The expected output is the data below, character for character, without its pictures.

▶ **DATA SECTION**

========================================================================

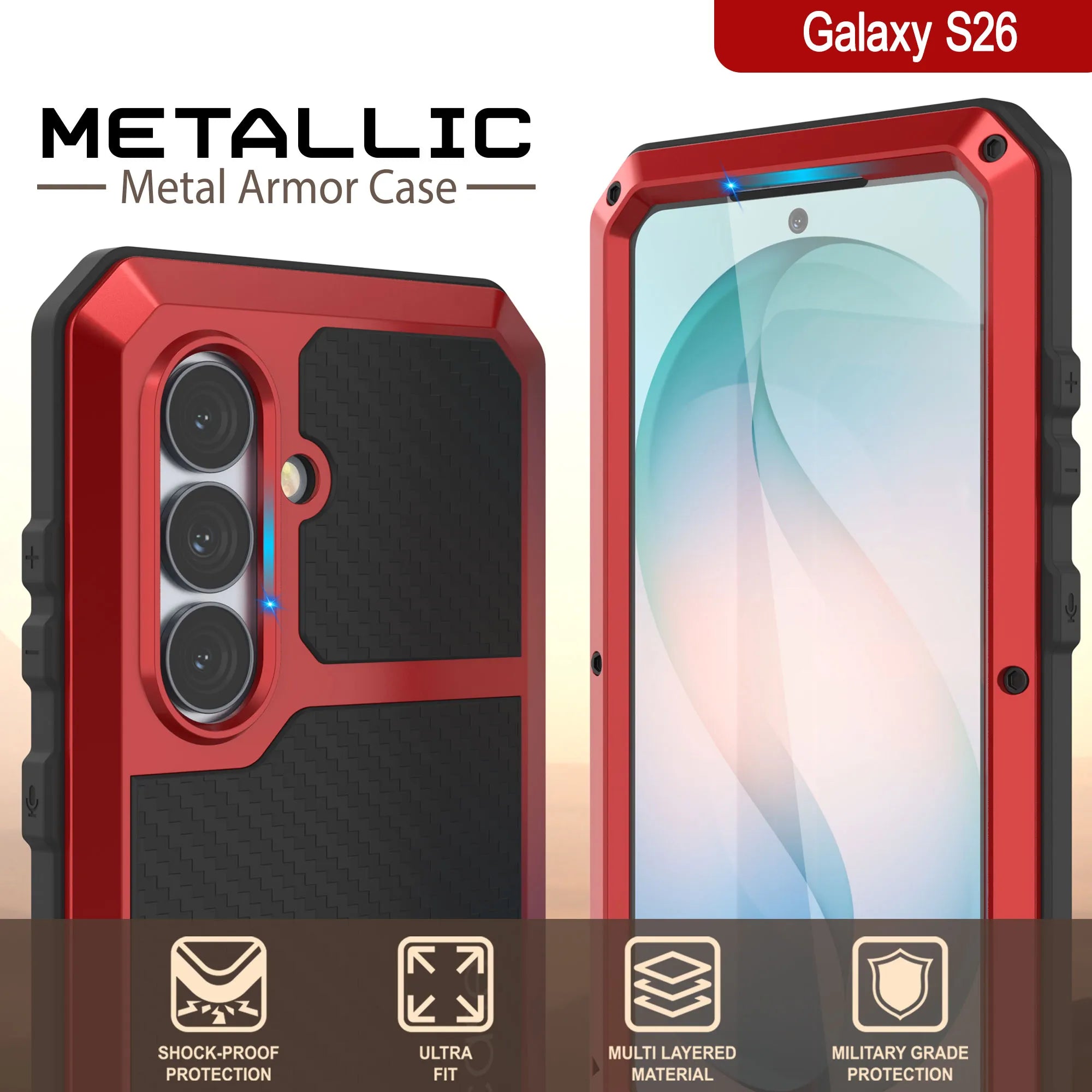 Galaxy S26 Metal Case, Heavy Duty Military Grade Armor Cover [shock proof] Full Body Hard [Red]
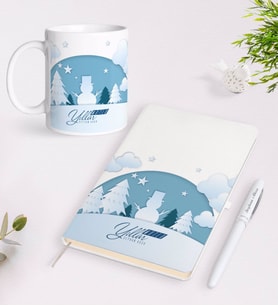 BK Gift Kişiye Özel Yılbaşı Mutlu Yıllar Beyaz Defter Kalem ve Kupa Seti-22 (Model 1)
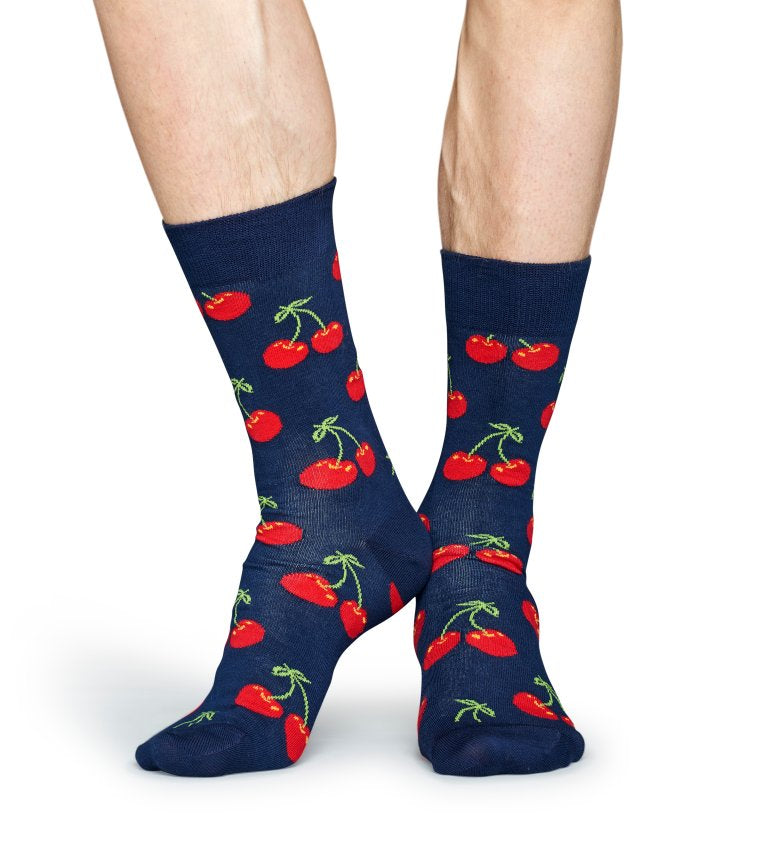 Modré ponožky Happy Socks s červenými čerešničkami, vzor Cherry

========================================================================

▶ **RESULT OF THE TASK**
 Galaxy S26 Metal Case, Heavy Duty Military Grade Armor Cover [shock proof] Full Body Hard [Red]
 BK Gift Kişiye Özel Yılbaşı Mutlu Yıllar Beyaz Defter Kalem ve Kupa Seti-22 (Model 1)
 Modré ponožky Happy Socks s červenými čerešničkami, vzor Cherry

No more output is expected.